> **Collected data**:
════════════════

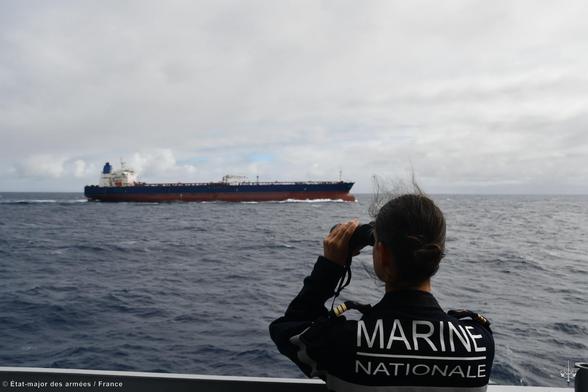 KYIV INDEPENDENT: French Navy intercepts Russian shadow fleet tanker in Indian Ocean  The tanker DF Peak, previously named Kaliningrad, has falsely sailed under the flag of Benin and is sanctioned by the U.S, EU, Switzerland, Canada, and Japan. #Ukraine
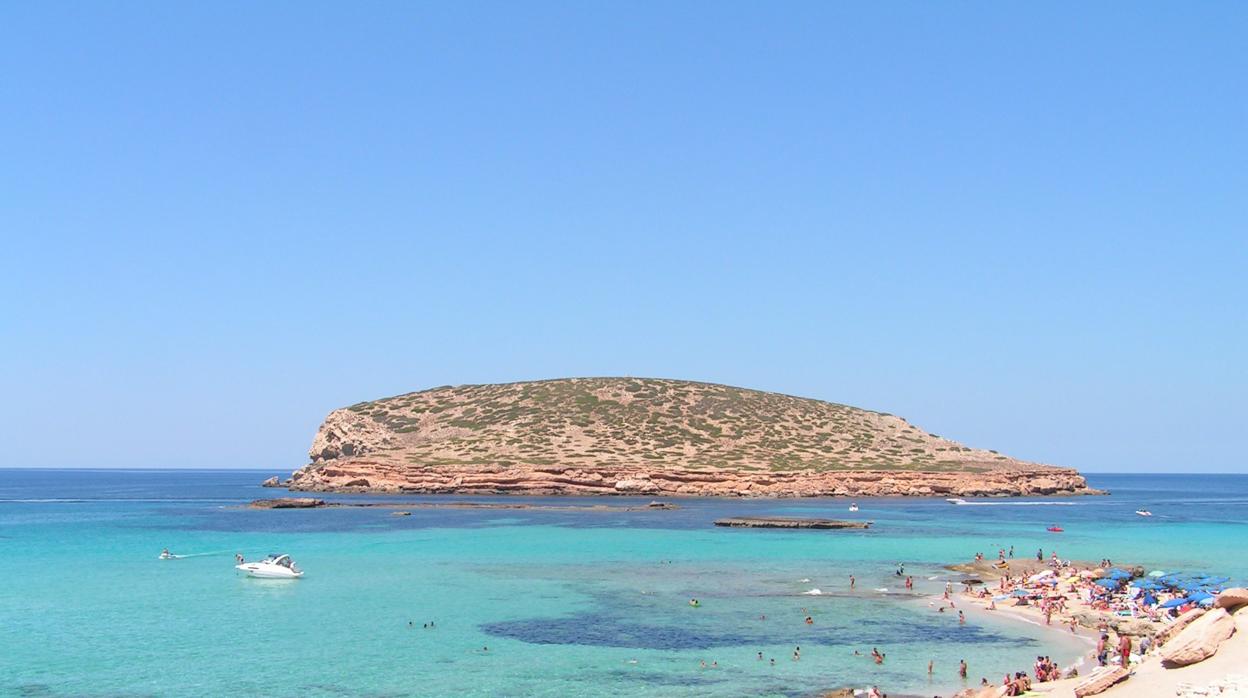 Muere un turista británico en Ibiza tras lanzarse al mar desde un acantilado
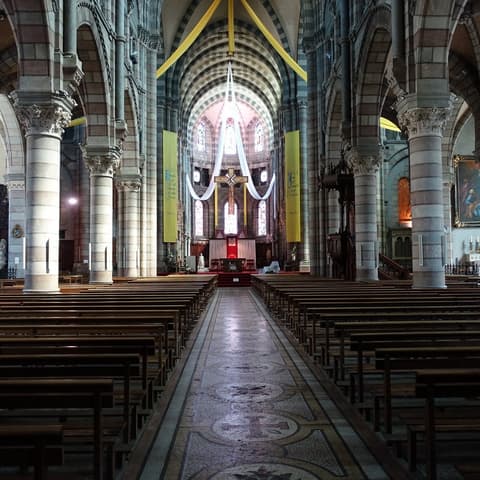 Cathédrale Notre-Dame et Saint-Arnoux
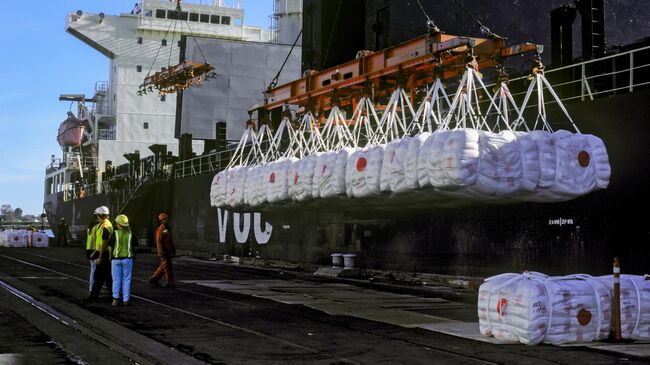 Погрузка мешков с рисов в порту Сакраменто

════════════════

> **Description of the task**: Everything in the listing is to be returned word for word, except the pictures.

> **Expected output**:
 KYIV INDEPENDENT: French Navy intercepts Russian shadow fleet tanker in Indian Ocean  The tanker DF Peak, previously named Kaliningrad, has falsely sailed under the flag of Benin and is sanctioned by the U.S, EU, Switzerland, Canada, and Japan. #Ukraine
 Muere un turista británico en Ibiza tras lanzarse al mar desde un acantilado
 Cathédrale Notre-Dame et Saint-Arnoux
 Погрузка мешков с рисов в порту Сакраменто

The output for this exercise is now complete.